Contudo, o verdadeiro sentido da expressão voto de cabresto está no curral eleitoral que o coronel mantinha. Curral porque sempre rodeado de pessoas empobrecidas, miseráveis e analfabetas, que sobreviviam com as esmolas assistencialistas fornecidas pelo poderoso senhor. Ao receber uma feira, um retalho de pano ou uma quantia em dinheiro, logo o desvalido se tornava objeto de uso do coronel. Este praticamente passava a comandar suas ações, principalmente na hora da votação.
Desse modo, aqueles desvalidos, sem consciência crítica ou força de rejeição ao mando, se deixavam dominar, conduzir, serem tratados como verdadeiros animais em um grande curral do coronel. E uma vez dominados era mantidos sob cabresto, nas rédeas, obedecendo somente ao comando do líder.
Essa vivência sob cabresto é que deu origem à expressão voto de cabresto. No momento da eleição, o poderoso guiava seus animais para votar naquele seu preferido. Muitas vezes o próprio coronel. Muitas vezes não havia saída para os subjugados, vez que todo um terreno preparado para a continuidade dessa submissão e manipulação. Ora, prática reconhecida pelos governantes que dela dependiam eleitoralmente.

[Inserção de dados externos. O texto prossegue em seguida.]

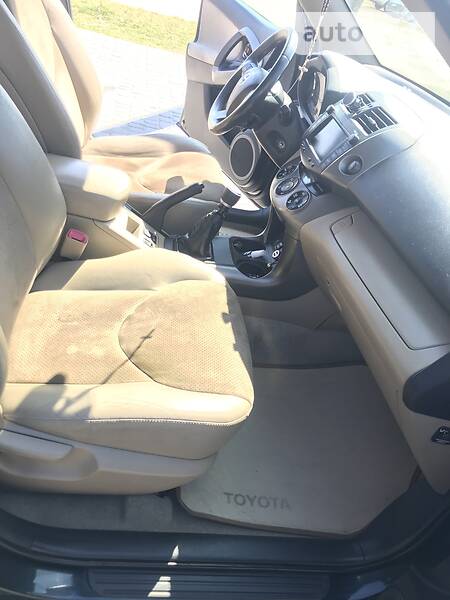 Позашляховик / Кросовер Toyota RAV4 2010 в Трускавці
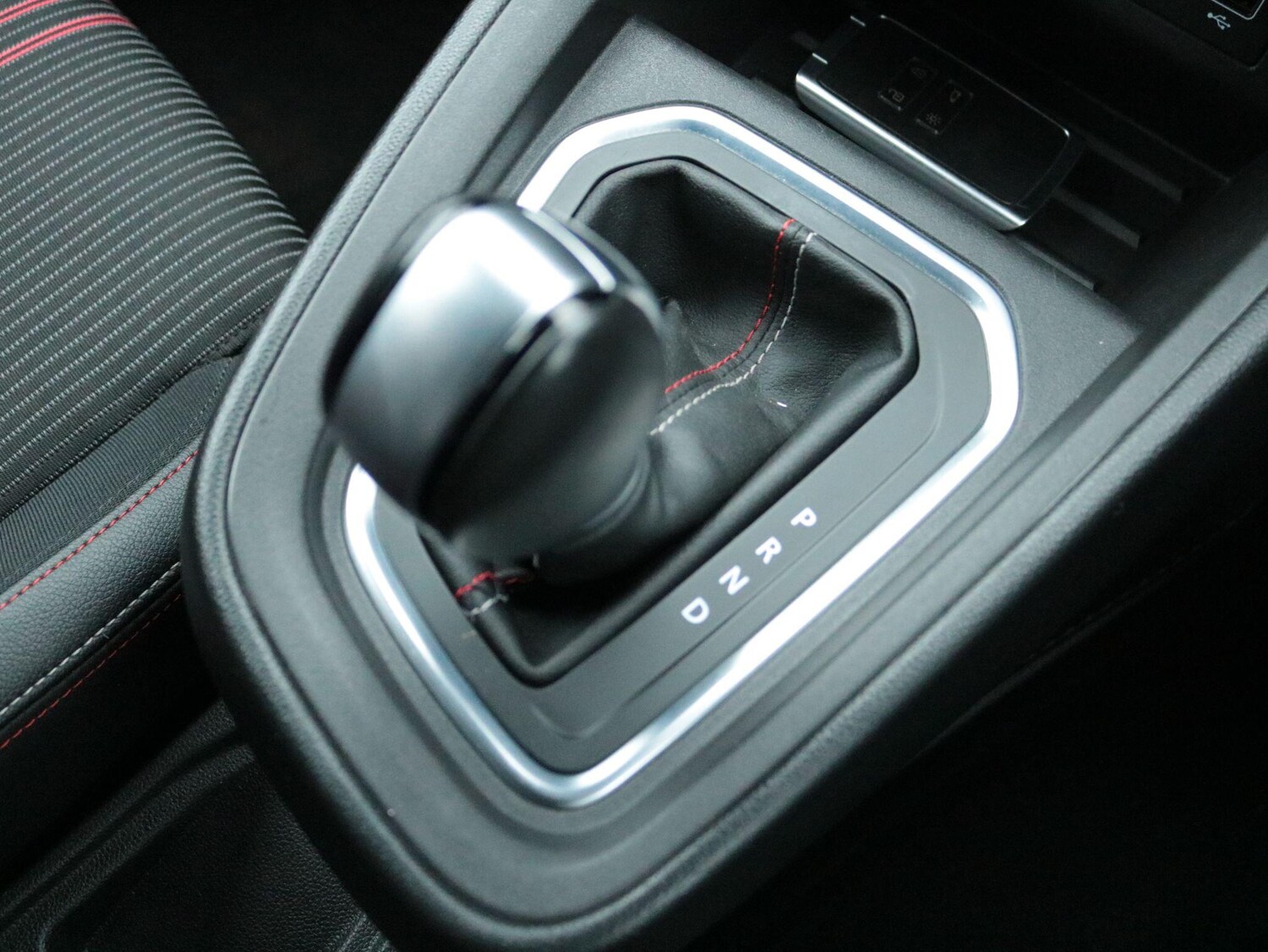 Used Renault Clio for sale - 77344662: Photo 24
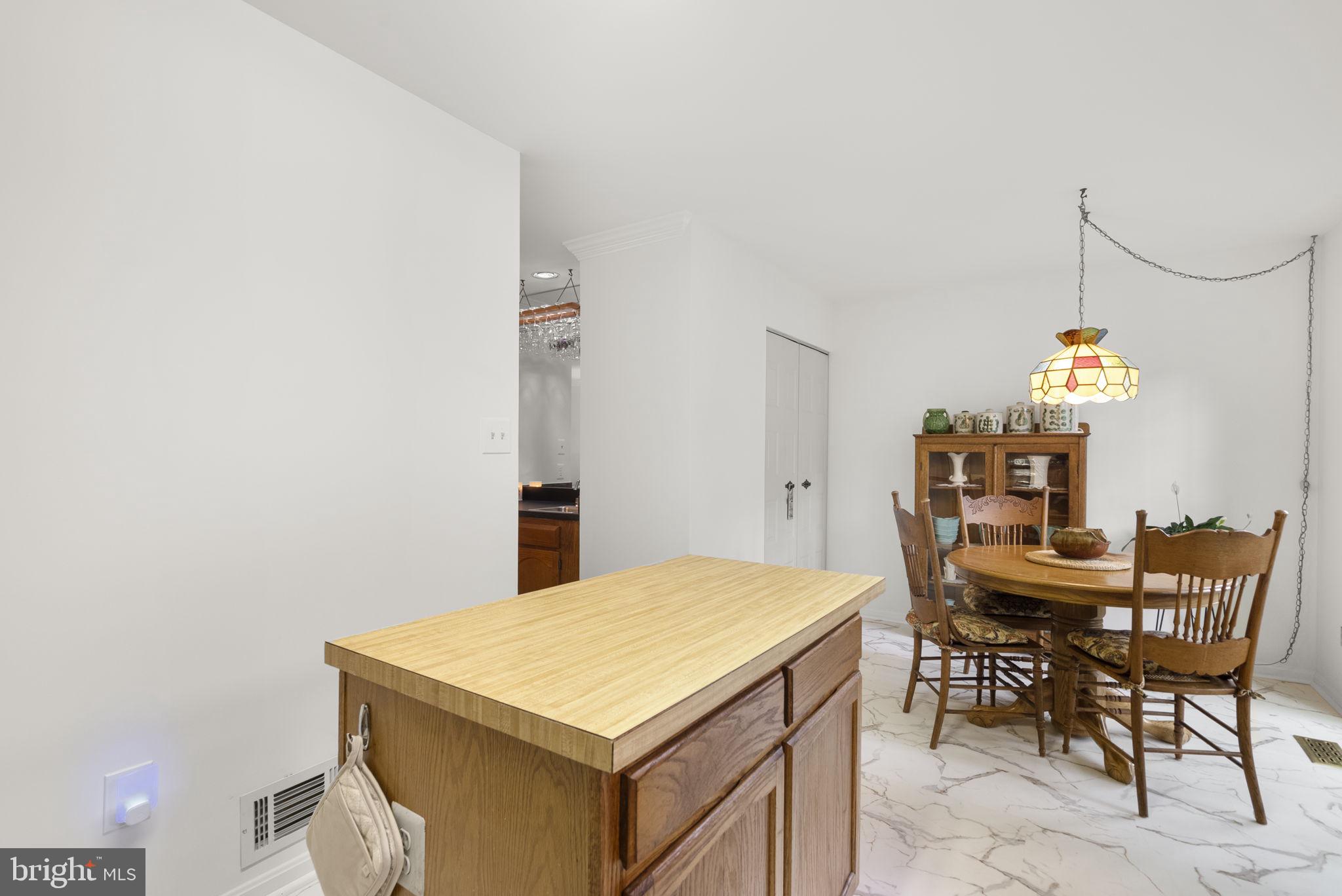 WOODLAND HILLS - Residential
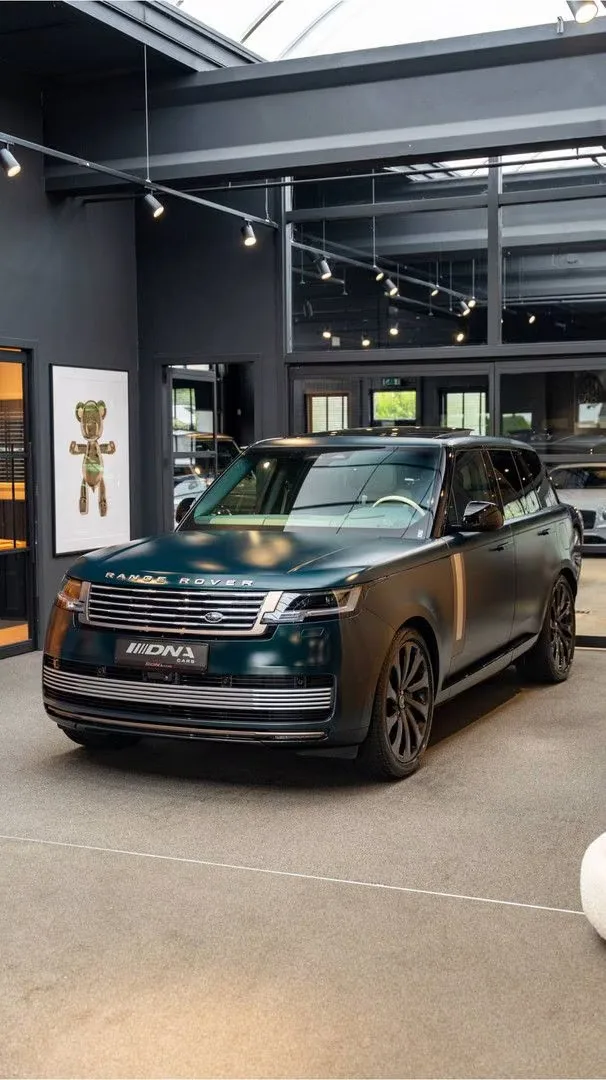 2026 Land Rover Range Rover SV P550e Serenity, 20/30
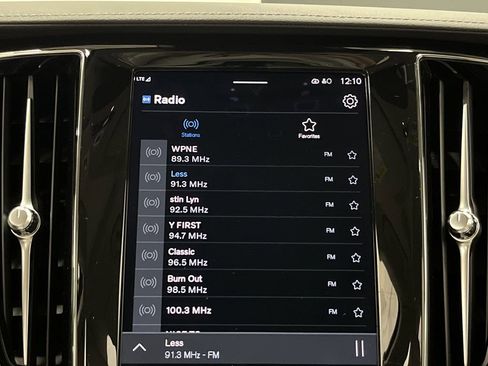 Used 2024 Volvo S60 B5 Ultimate w/ Climate Package image 18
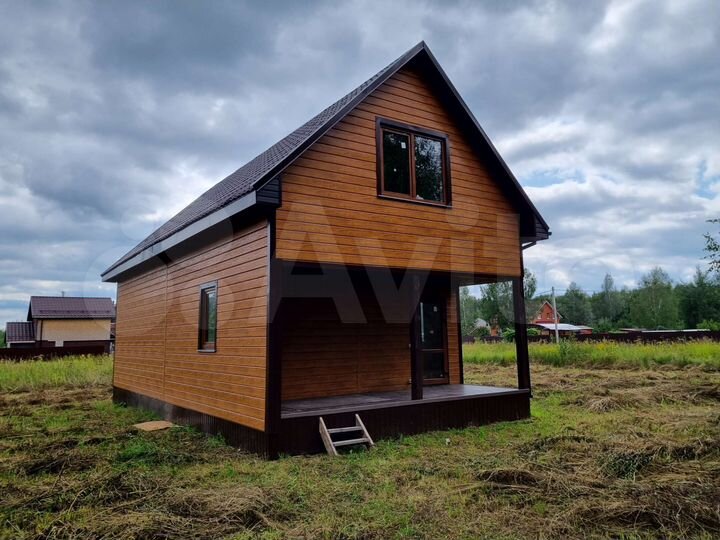 Дом 130 м² на участке 8 сот.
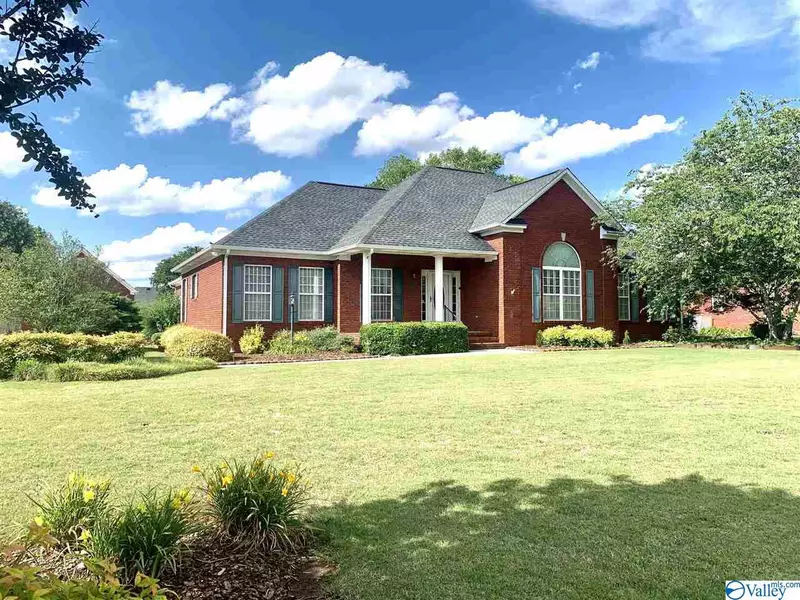 17811 Remington Drive, Athens, AL 35611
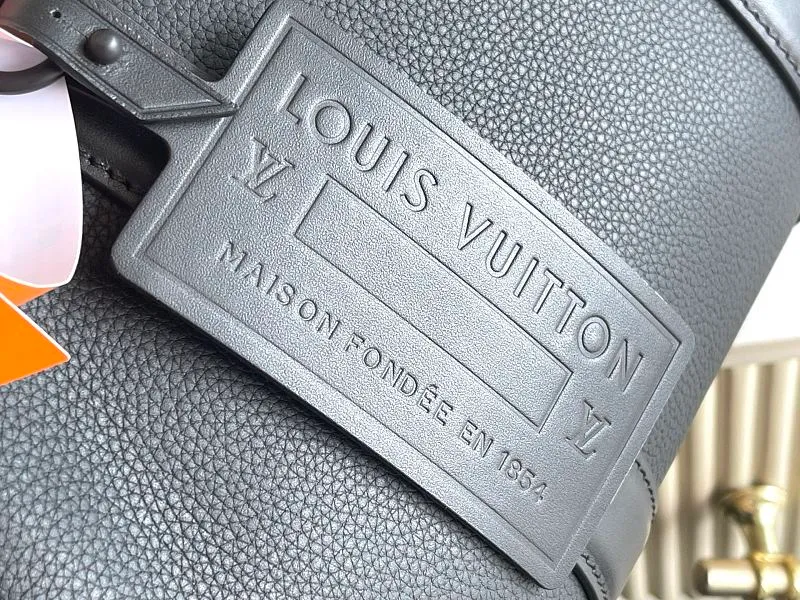 All Categories 💚 Authentic Grade Bags 💚 LV 2026 New LV Top Replica Crossbody Shoulder Bag
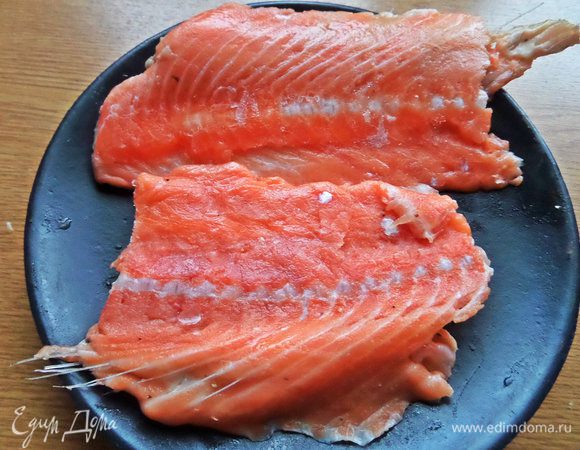 Лососевый суповой хребет поломать для удобства.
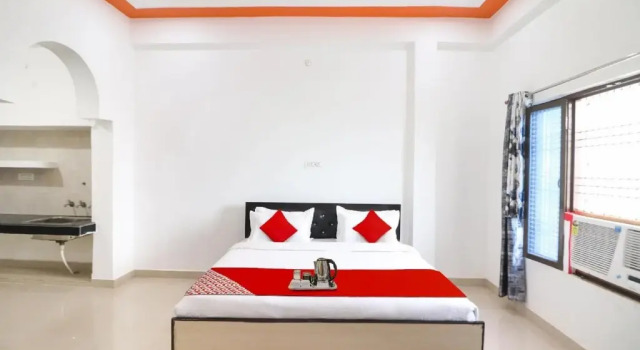 Oyo Flagship 91746 Crown Guest House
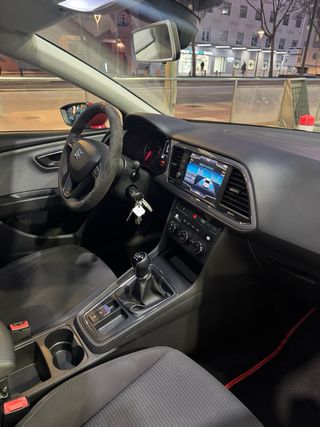 🚘 SEAT León 1.2 TSI Style | Año 2018 | 92.000 km |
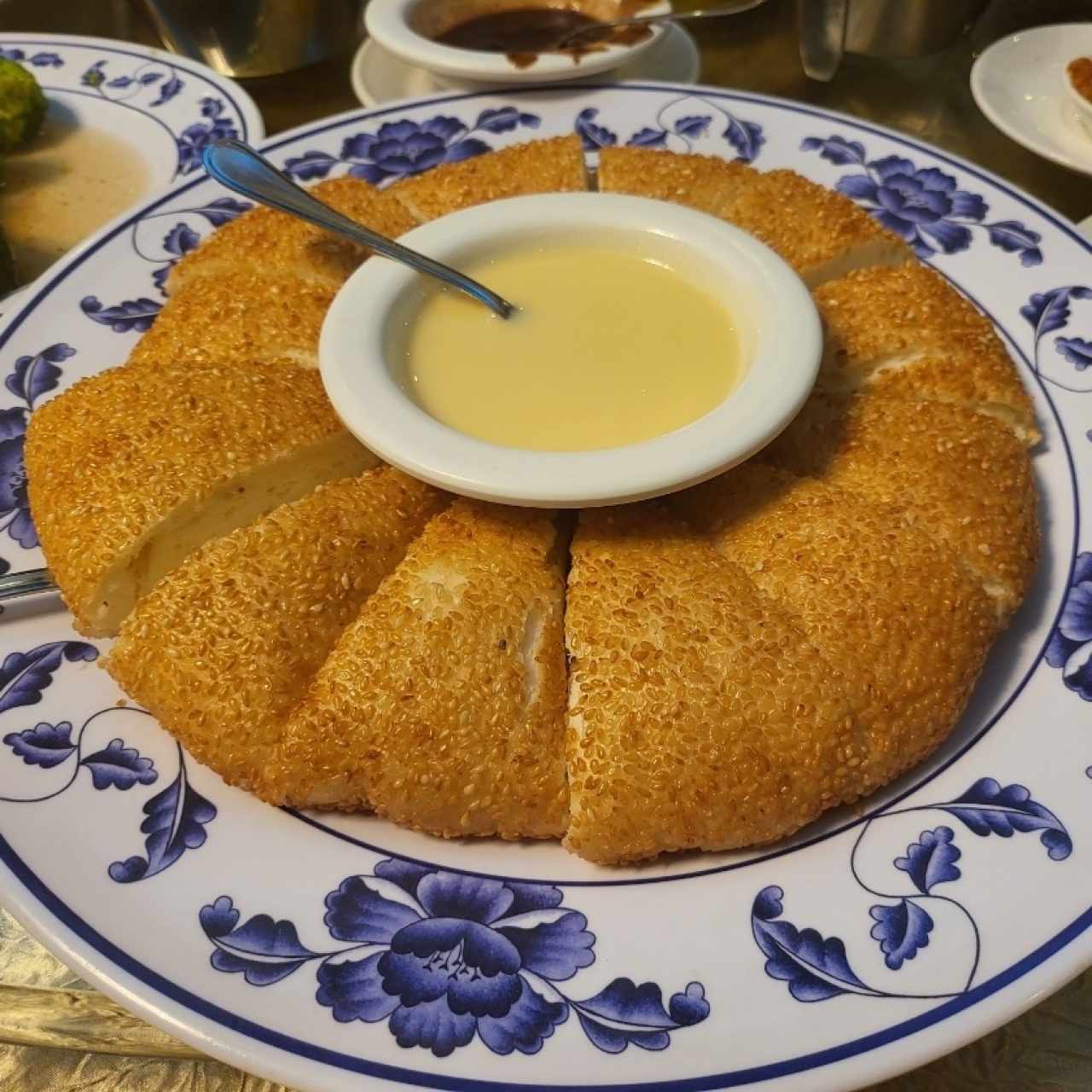 Pan de ajonjolí relleno de ciruela con leche condensada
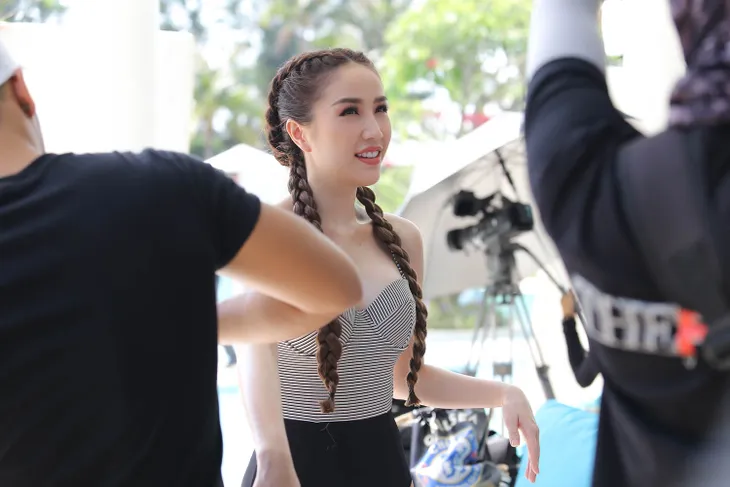 Dàn thí sinh The Face nóng bỏng trong MV của Bảo Thy - Ảnh 3. Dàn thí sinh The Face nóng bỏng trong MV của Bảo Thy - Ảnh 3.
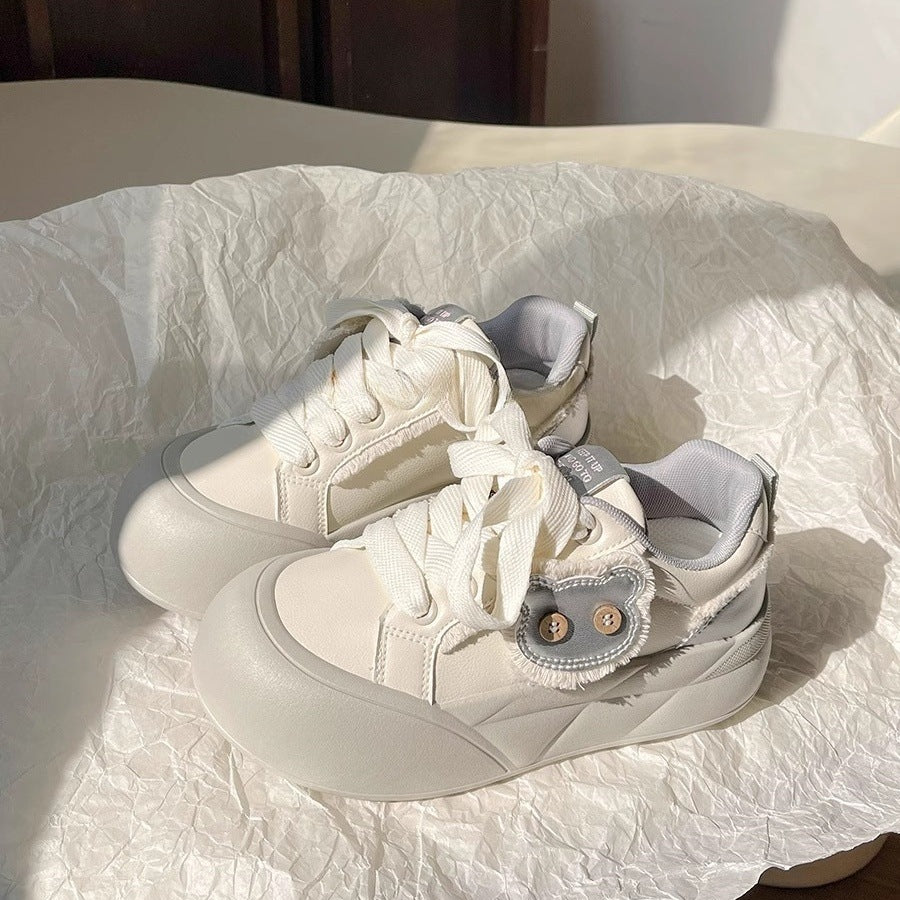 Damen Trendige Sneakers mit einzigartigem Blumen-Detail EB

Atualmente tal prática, quando existente, está revestida de outras formas de ação, agindo principalmente através do poderio econômico, da compra de lideranças locais e da manutenção de privilégios em determinadas comunidades. Quando, por exemplo, um deputado procura destinar verbas, realizar obras e benfeitorias em determinadas localidades, e bancar o apoio das lideranças, então se verifica esse novo modelo de curralismo eleitoral.
O novo curral eleitoral é alimentado pelas emendas orçamentárias, pelas destinações de verbas específicas, pelos assistencialismos governamentais, pelo empreguismo e favorecimento, pelo pagamento àqueles havidos como lideranças políticas locais e regionais. Contudo, é a continuidade da miséria do povo o mecanismo propulsor dessa conduta eleitoreira nefasta nas regiões mais empobrecidas. E também nos centros urbanos.
Somente a educação do povo, a aquisição do conhecimento e da reflexão crítica, bem como a emancipação cidadã da classe eleitoreira, poderia sepultar de vez o curralismo eleitoral. A lucidez do povo certamente acabaria invertendo a situação e o político, o candidato ou o eleito, passaria de laçador a laçado. O cabresto não mais envolveria a cabeça do eleitor, mas daquele que dele precisa para chegar ou estar no poder.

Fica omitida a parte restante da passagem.